ESG Investor’s weekly round-up of news about funds designed to meet sustainable investing criteria.
Artemis Fund Managers has launched the Artemis Positive Future Fund. The global equity fund will invest in disruptive and innovative companies that are having a substantial impact on society, aiming to outperform the MSCI AC World index. The fund will be managed by Craig Bonthron, Neil Goddin, Jonathan Parsons and Ryan Smith. “We believe the best long-term opportunities for growth lie in companies that are addressing the challenges of sustainability. Our aim is to identify emerging performance and sustainability are our objectives,” said Bonthron.
NN Investment Partners has launched the NN Sovereign Green Bond fund, adding to its existing green bond offering. The fund aims to have a positive environmental impact through the projects it finances. Following this launch, NN IP now offers green bond funds covering aggregate, corporate, sovereign and an option for a fund with a short duration, ensuring investors have maximum flexibility. “Whilst in the past, investor demand for green bonds mainly came from impact investors, we now see more typical fixed income investors allocating to green bonds as well. These investors are looking to make their portfolio more sustainable without sacrificing financial performance,” said Bram Bros, Lead Portfolio Manager for Green Bonds at NN IP.
Amundi launched a new climate investment strategy, the Just Transition for Climate fund. The main objective of the fund is to reduce carbon emissions, maintaining a carbon footprint that’s 20% lower than its benchmark – Bloomberg Barclays Euro Aggregate Corporate index. It will include a ‘just transition’ score, incorporating the different social aspects involved in the transition to a low-carbon economy, such as the impact on employees and local communities. “The Just Transition for Climate fund is the first attempt to provide investors with a unique solution to measure and integrate the financial risks associated with climate change and use their investments for an inclusive transition in line with the Paris Agreement,” said Jean-Jacques Barberis, Head of the Institutional and Corporate Clients Division and ESG at Amundi.

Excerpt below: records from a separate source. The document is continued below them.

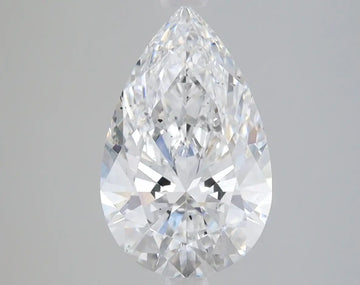 2.5 Carat Certified Pear Loose Stone Lab Grown Diamond No. 1029364 - Larson Jewelers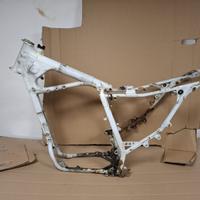 Telaio con documenti Honda XL 600 LM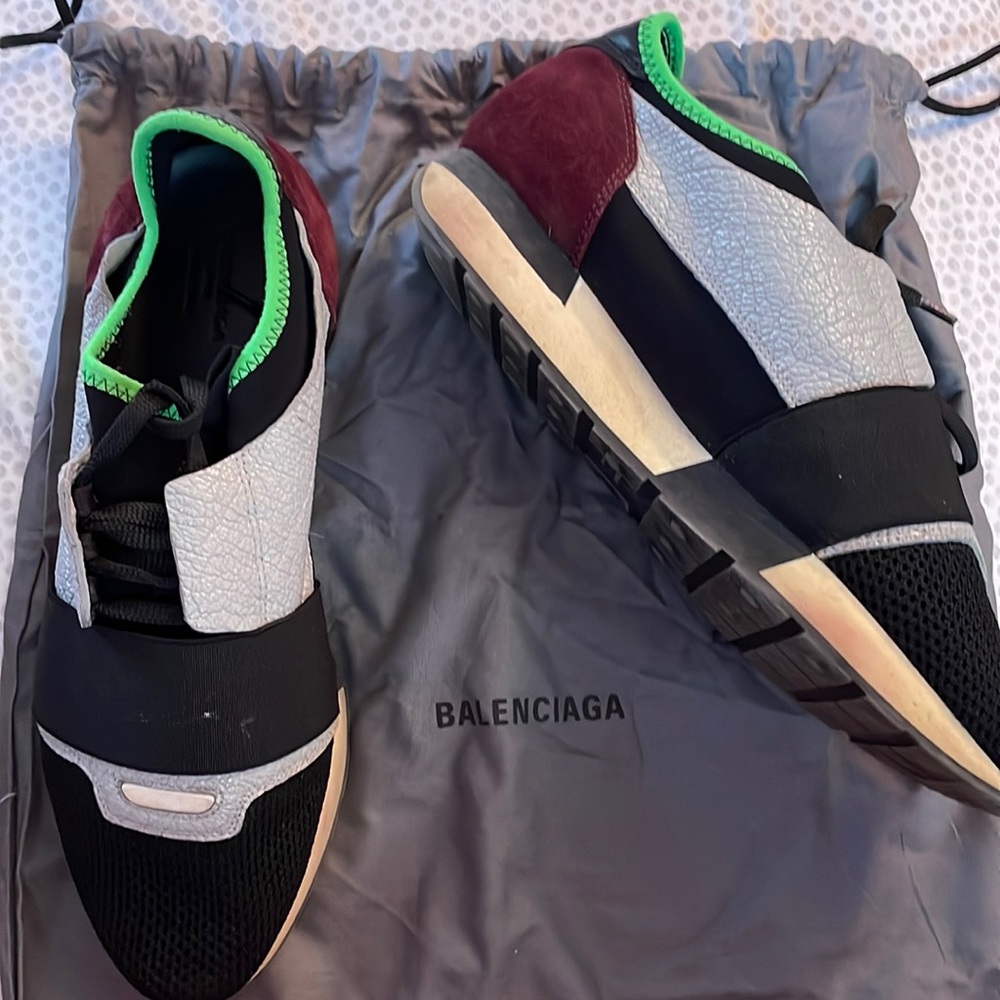 Balenciaga runners sz 39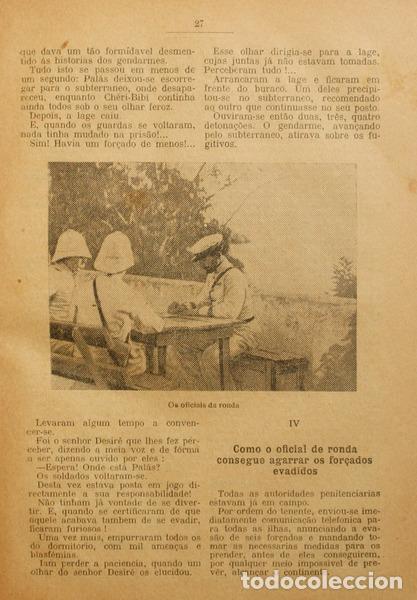 Libros antiguos: LERROUX. (Gaston) - A NOVA AURORA (CH&Eacute;RI- BIBI). - Foto 2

The French asset manager, which also announced plans to acquire ETF specialist Lyxor Asset Management, launched an ultra-short corporate bond ESG ETF, offering exposure to bonds with a maturity between one month and one year. The Amundi Euro Corp 0-1Y ESG UCITS ETF (ECR1) is listed on Deutsche Boerse and will track the iBoxx MSCI ESG EUR Corporate 0-1 TCA index.
Aegon Asset Management’s Global Equity Fund is transitioning its investment policy, following investor demand. It will become the Aegon Sustainable Equity Fund (effective from June 1 2021), following the success of the Dublin-domiciled Aegon Global Sustainable Equity Fund (GSEF). It will adopt the same sustainable investment philosophy and criteria as GSEF and will be managed by the same team. “We have seen strong demand for our responsible investment products and the update to our Global Equity Fund is borne out of client demand for a UK-domiciled version of our Dublin-registered fund,” said Stephen Jones, Global Equities CIO at Aegon AM.
Fidelity International has expanded the breadth of its sustainable ETF range with the launch of two fixed income ETFs. The Fidelity Sustainable Global Corporate Bond Multifactor UCITS ETF and the Fidelity Sustainable USD EM Bond UCITS ETF are both classified as Article 8 funds under the EU’s Sustainable Finance Disclosure Regulation (SFDR). The ETFs employ a systematic active strategy in which at least 70% of investment will be invested in the securities of companies with strong ESG characteristics. “Incorporating sustainable investing principles has become the key priority for many of our clients globally and we can now offer access to our proprietary research capabilities across asset classes in a transparent, cost effective structure,” said Nick King, Head of ETFs at Fidelity.